Among them is Sylvan Boyd, a 35-year-old from Grange Hill in Westmoreland, who is a past student of the Mandeville School for the Deaf. The father of a four-month-old said when he saw the hotel being constructed, he figured it would be all-embracing, and so he was confident at the outset that he would not only be able to get a job there, but get along with his co-workers. He was hired and started out in the stewarding department, moving later to the butcher shop.

At 34, his colleague, Edward Calbert, also started out in the stewarding department and was later promoted to the position of cook. Prior to the Grand Palladium, the father of two worked as a gas pump attendant at a service station.

But there are others who have not had similar success. A 2011 paper, titled A Sociolinguistic Profile of the Jamaican Deaf Community, published by the Summer Institute of Linguistics, an international faith-based organisation, noted that more than half of the deaf community in Jamaica lives in poverty. The research paper also noted that "many are unemployed and have difficulty finding jobs, due to lack of communication access, necessary qualifications and the necessary social networks typically needed to find work in Jamaica".

Another article published by the Caribbean Christian Centre for the Deaf also noted that after completing school, "the deaf go through difficult times" and that "employers do not know sign language and have no way to communicate with the deaf", and so many of them are jobless.

"No job means no money to buy food, clothes, or even soap. Without a job, living arrangements are often precarious. Many live at the mercy of others and are often abused," the article noted.

Boyd, Edward and their co-workers, Adrian Gayle, Gary Muir, Nathan Gordon and Demar Hayles, use a variety of methods to communicate with their peers at the resort, including layman signs (universal signs), writing and lip reading.

Gayle, 32, is also a foundation member of staff at the resort which has his roots in Mt Salem, Montego Bay. He attended the Brown's Town School for the Deaf, and serves in the Grand Palladium's stewarding department. He had work experience before going to Palladium as he worked in a bakery in the Montego Bay Freeport.

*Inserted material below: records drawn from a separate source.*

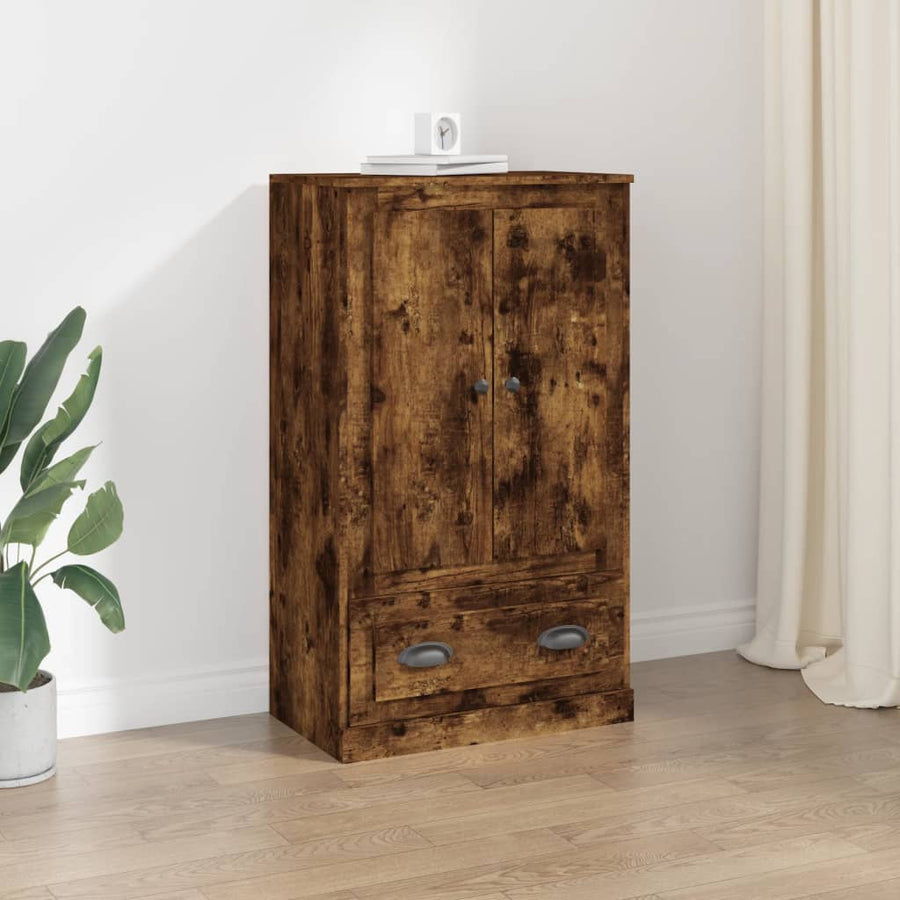 Hoge Kast 60X35,5X103,5 Cm Bewerkt Hout Kleurig Gerookt eiken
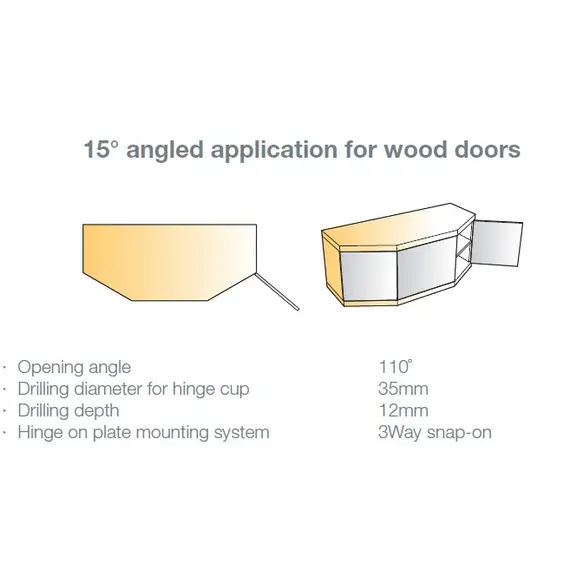 Петля мебельная Titus T-Type Glissando угловая 15 градусов с доводчиком 110/48/9 мм и cистемой ускоренной сборки Easy-fix Арт: 701-0D78-650-00 - 1
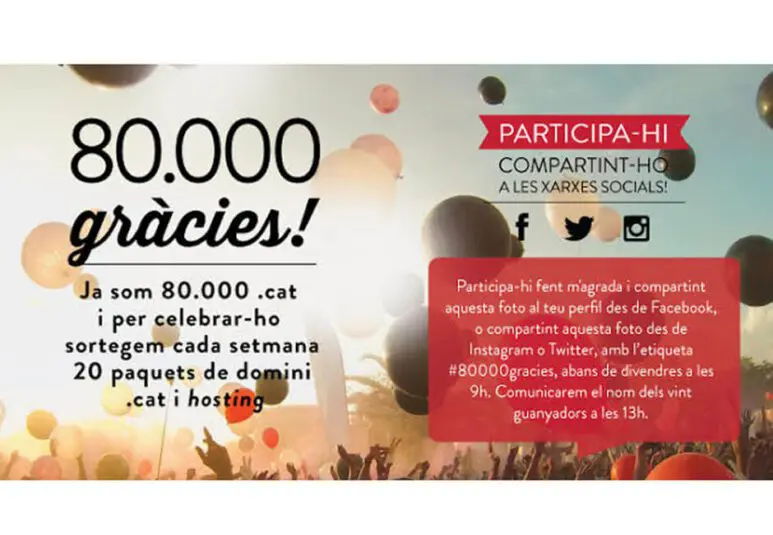 Celebrem els 80.000 .cat sortejant 20 dominis .cat amb allotjament web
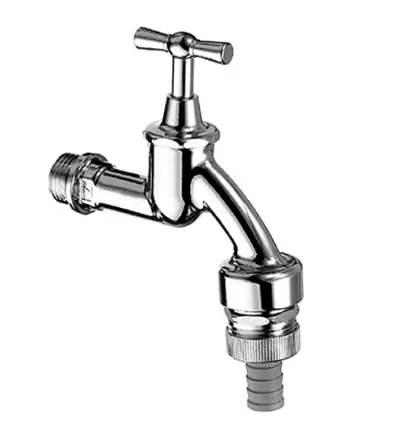 Schell SCHELL 034170399 DUBBELDIENSTKRAAN + BELUCHTER 1/2 mat/chroom met terugslag klep 034170399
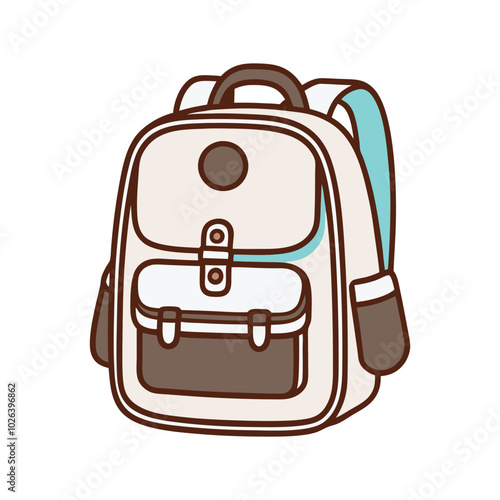 Cartoon School Backpack Vector Illustration for Kids.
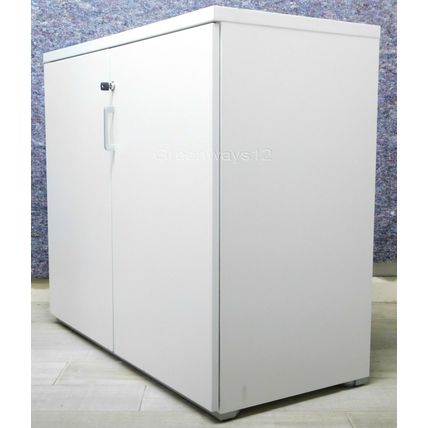 Actiu White Double Door Adjustable shelve Wooden Storage Cabinet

"I love to work hard. I am not lazy," he told Hospitality Jamaica.

The eldest member of the group is 48-year-old Muir. A cook, he has also been working at the resort since it opened. Originally from Barbican in Kingston, he is a graduate of the Lister Mair Gilby School for the Deaf. He spent several years as a food vendor before landing a job at the hotel. His colleague, Nathan Gordon, also started out in the stewarding department, but is assigned to the kitchen. He worked as a mechanic prior to his employment at the resort, five years ago.

Demar Hayles, the newest hearing impaired staff member, commenced work at the hotel six weeks ago. He worked as a baker at a restaurant in Mandeville in the past.

For human resources manager at the Grand Palladium, Sheryl Wilks, the inability to hear and speak does not impact her hearing-impaired team members' on-the-job performance. She said the first hearing impaired staff member that came to an interview was hired and adjusted so well that it set the pace for the hiring of other competent members of the community over the years.

"I happened to meet one of them here who came for an interview, and I found it very challenging to interview him, so I had to write the questions. He in fact had worked before, but not in the hotel industry, but as a labourer ... . He wanted to be a cook, but even our cooks have to be out on the line sometimes, but having heard all of that, I decided to try and see if it worked out," Wilks said.

"I don't even remember sometimes that they are hearing impaired at all. They work well just like anyone else. There is no problem communicating. It is hard sometimes to remember that they have that little impairment because they don't let it get into the way of anything," she added.